EXERCISE
Restate word for word the entries below, starting with the line with "SP - imagem" and continuing through the line with "Instapklare, moderne luxevilla". Include both of those lines and no others.

• • •

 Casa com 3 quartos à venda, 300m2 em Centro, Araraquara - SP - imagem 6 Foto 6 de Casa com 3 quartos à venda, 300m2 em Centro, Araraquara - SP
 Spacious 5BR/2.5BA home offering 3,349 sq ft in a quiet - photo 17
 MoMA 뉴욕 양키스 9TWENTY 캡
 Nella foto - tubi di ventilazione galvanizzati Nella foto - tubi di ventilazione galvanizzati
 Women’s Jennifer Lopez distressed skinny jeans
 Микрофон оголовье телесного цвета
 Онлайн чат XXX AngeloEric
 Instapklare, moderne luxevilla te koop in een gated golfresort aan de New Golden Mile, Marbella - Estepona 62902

• • •

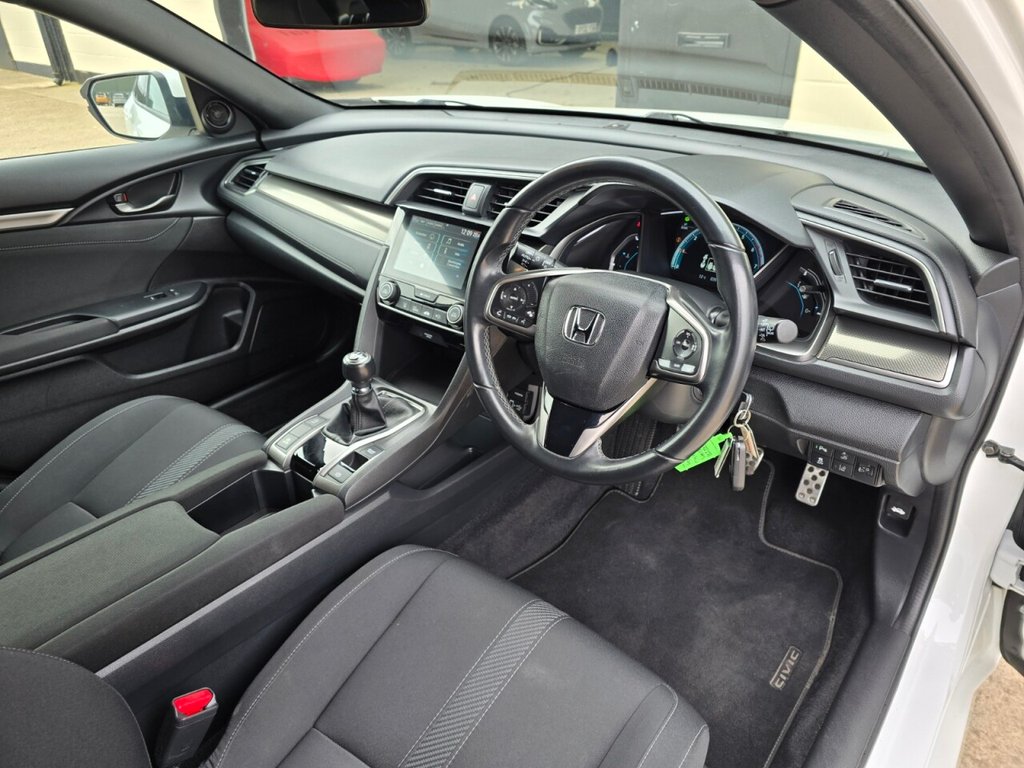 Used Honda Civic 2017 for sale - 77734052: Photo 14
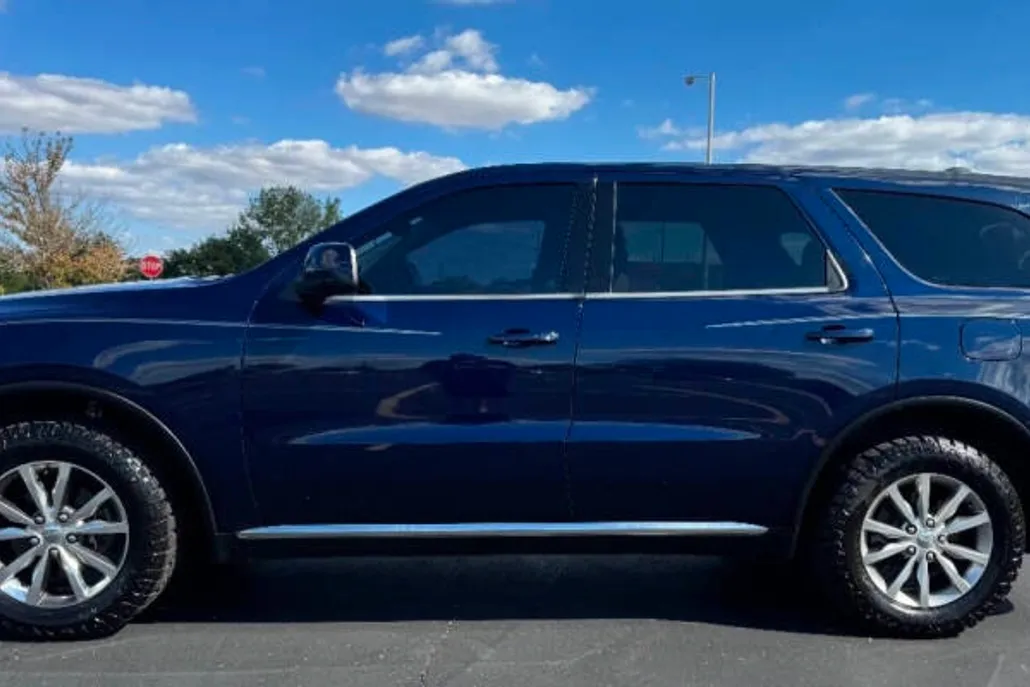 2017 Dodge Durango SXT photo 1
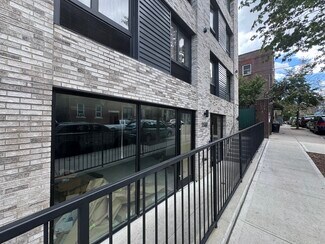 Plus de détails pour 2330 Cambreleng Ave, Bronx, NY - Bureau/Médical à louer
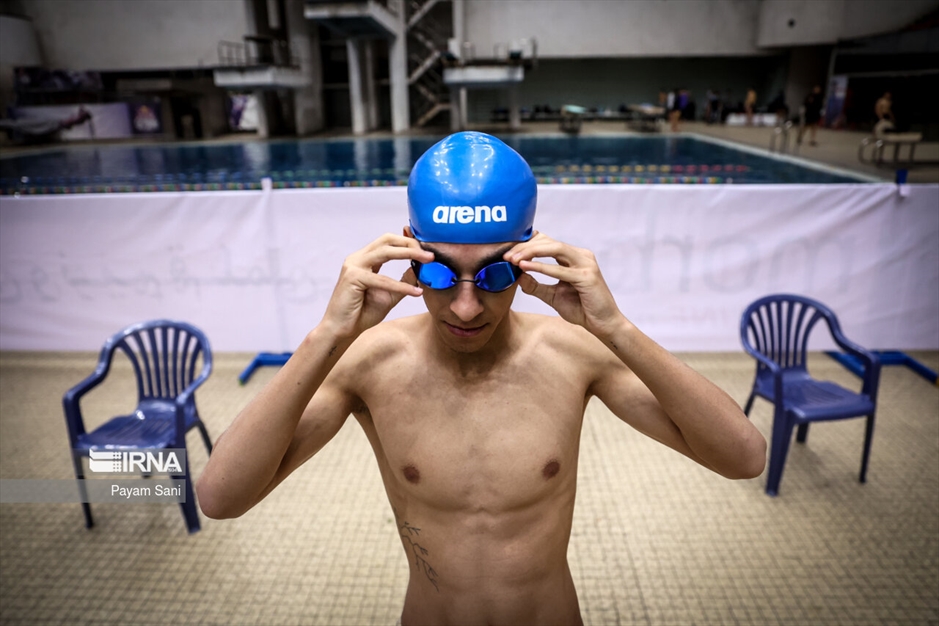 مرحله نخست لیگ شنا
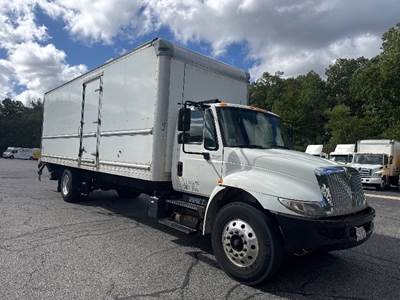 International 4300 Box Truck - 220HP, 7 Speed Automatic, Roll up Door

• • •

WRITTEN RESPONSE
 Casa com 3 quartos à venda, 300m2 em Centro, Araraquara - SP - imagem 6 Foto 6 de Casa com 3 quartos à venda, 300m2 em Centro, Araraquara - SP
 Spacious 5BR/2.5BA home offering 3,349 sq ft in a quiet - photo 17
 MoMA 뉴욕 양키스 9TWENTY 캡
 Nella foto - tubi di ventilazione galvanizzati Nella foto - tubi di ventilazione galvanizzati
 Women’s Jennifer Lopez distressed skinny jeans
 Микрофон оголовье телесного цвета
 Онлайн чат XXX AngeloEric
 Instapklare, moderne luxevilla te koop in een gated golfresort aan de New Golden Mile, Marbella - Estepona 62902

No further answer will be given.